Apache Beam による ETL のマネージドサービス Dataflow のサンプルコード Word Count を読んで実行する

2024-10-23 gcp etl

GCP の Dataflow はデータ処理のパイプラインを構築する OSS Apache Beam による、ストリーミングおよびバッチ ETL のマネージドサービス。PubSub から BigQuery にデータを流したり、機械学習を行ったりすることができる。料金はジョブに実行したリソースやシャッフルしたデータ量に対してかかる。

Google が提供するテンプレートを利用することで基本的なデータの移行はノーコードで行うことができる。

サンプルの Word Count を実行してみる。

結果は Cloud Storage に出力された。

accountability: 1
deserves: 1
tiring: 1
hardworking: 3
...

コードを見ていく。

まず @Template でメタデータを設定している。

@Template(
    name = "Word_Count",
    category = TemplateCategory.GET_STARTED,
    displayName = "Word Count",
    description =
        "Batch pipeline. Reads text from Cloud Storage, tokenizes text lines into individual words,"
            + " and performs frequency count on each of the words.",
    optionsClass = WordCountOptions.class,
    contactInformation = "https://cloud.google.com/support")

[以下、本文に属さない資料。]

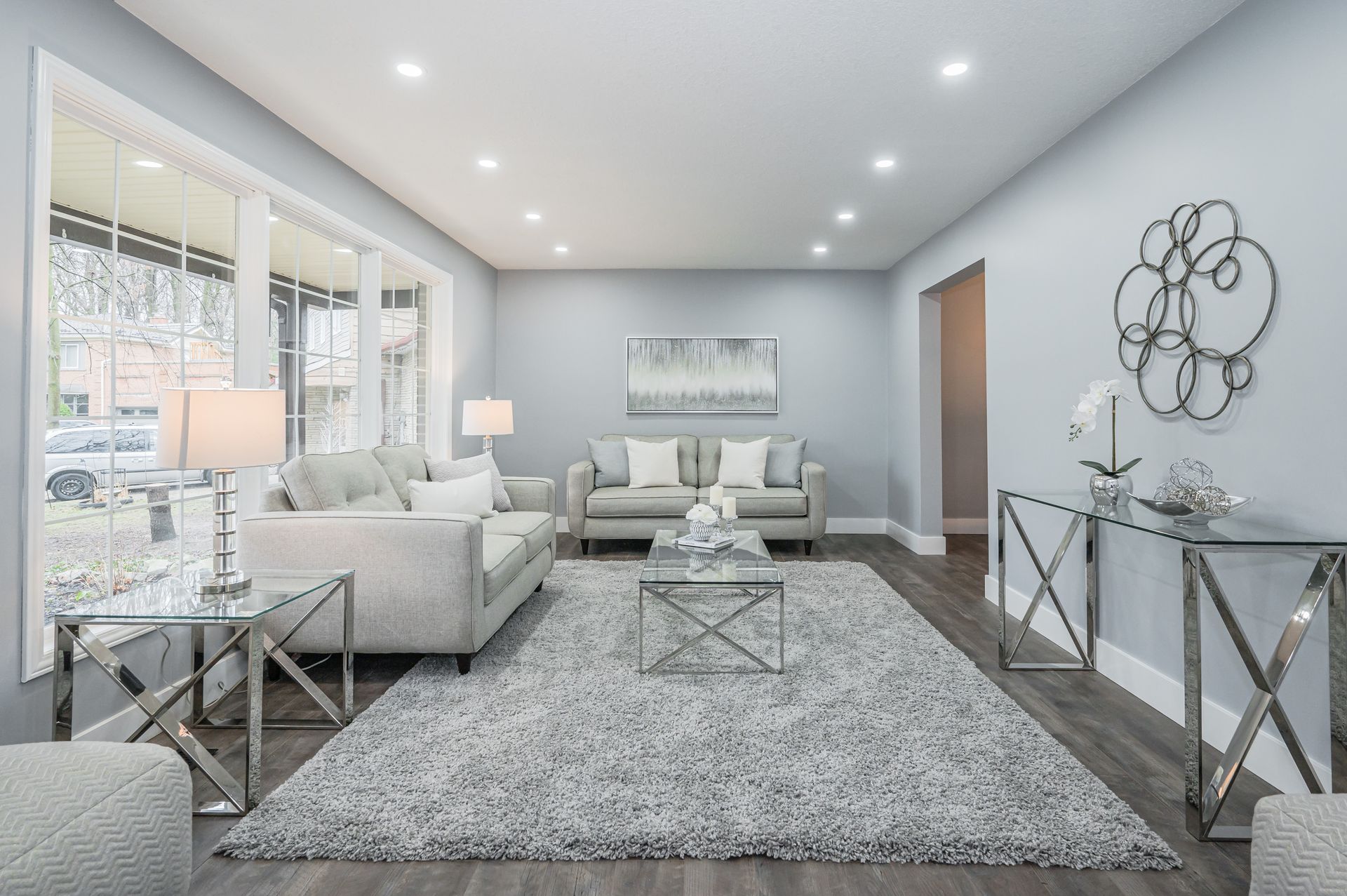 Living room with gray walls, two couches, rug, and metallic accents. Brightly lit with large windows.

public interface WordCountOptions extends PipelineOptions {
  @TemplateParameter.GcsReadFile(
      order = 1,
      description = "Input file(s) in Cloud Storage",
      helpText =
          "The input file pattern Dataflow reads from. Use the example file "
              + "(gs://dataflow-samples/shakespeare/kinglear.txt) or enter the path to your own "
              + "using the same format: gs://your-bucket/your-file.txt")
  ValueProvider<String> getInputFile();

  void setInputFile(ValueProvider<String> value);

  @TemplateParameter.GcsWriteFolder(
      order = 2,
      description = "Output Cloud Storage file prefix",
      helpText = "Path and filename prefix for writing output files. Ex: gs://your-bucket/counts")
  ValueProvider<String> getOutput();

  void setOutput(ValueProvider<String> value);
}

main ではこの Option を受け取り Beam でパイプラインを構築している。

public static void main(String[] args) {
  WordCountOptions options =
      PipelineOptionsFactory.fromArgs(args).withValidation().as(WordCountOptions.class);
  Pipeline p = Pipeline.create(options);
  p.apply("ReadLines", TextIO.read().from(options.getInputFile()))
      .apply(new CountWords())
      .apply(MapElements.via(new FormatAsTextFn()))
      .apply("WriteCounts", TextIO.write().to(options.getOutput()));

  p.run();
}

CountWords は PCollection を変換する PTransform を継承するクラスで、word ごとにカウントした結果を返している。

public class WordCount {
public static class CountWords
      extends PTransform<PCollection<String>, PCollection<KV<String, Long>>> {
    @Override
    public PCollection<KV<String, Long>> expand(PCollection<String> lines) {

      // Convert lines of text into individual words.
      PCollection<String> words = lines.apply(ParDo.of(new ExtractWordsFn()));

      // Count the number of times each word occurs.
      PCollection<KV<String, Long>> wordCounts = words.apply(Count.<String>perElement());

      return wordCounts;
    }
  }

ParDo によって word に分割する処理を記述した DoFn が並列に実行される。

static class ExtractWordsFn extends DoFn<String, String> {
  private final Counter emptyLines = Metrics.counter(ExtractWordsFn.class, "emptyLines");

  @ProcessElement
  public void processElement(ProcessContext c) {
    // Check if the line is empty.
    if (c.element().trim().isEmpty()) {
      emptyLines.inc();
      return;
    }

    // Split the line into words.
    String[] words = c.element().split("[^a-zA-Z']+");

    // Output each word encountered into the output PCollection.
    for (String word : words) {
      if (!word.isEmpty()) {
        c.output(word);
      }
    }
  }
}

これをカスタムテンプレートとして動かすにはテンプレートをビルドする必要がある。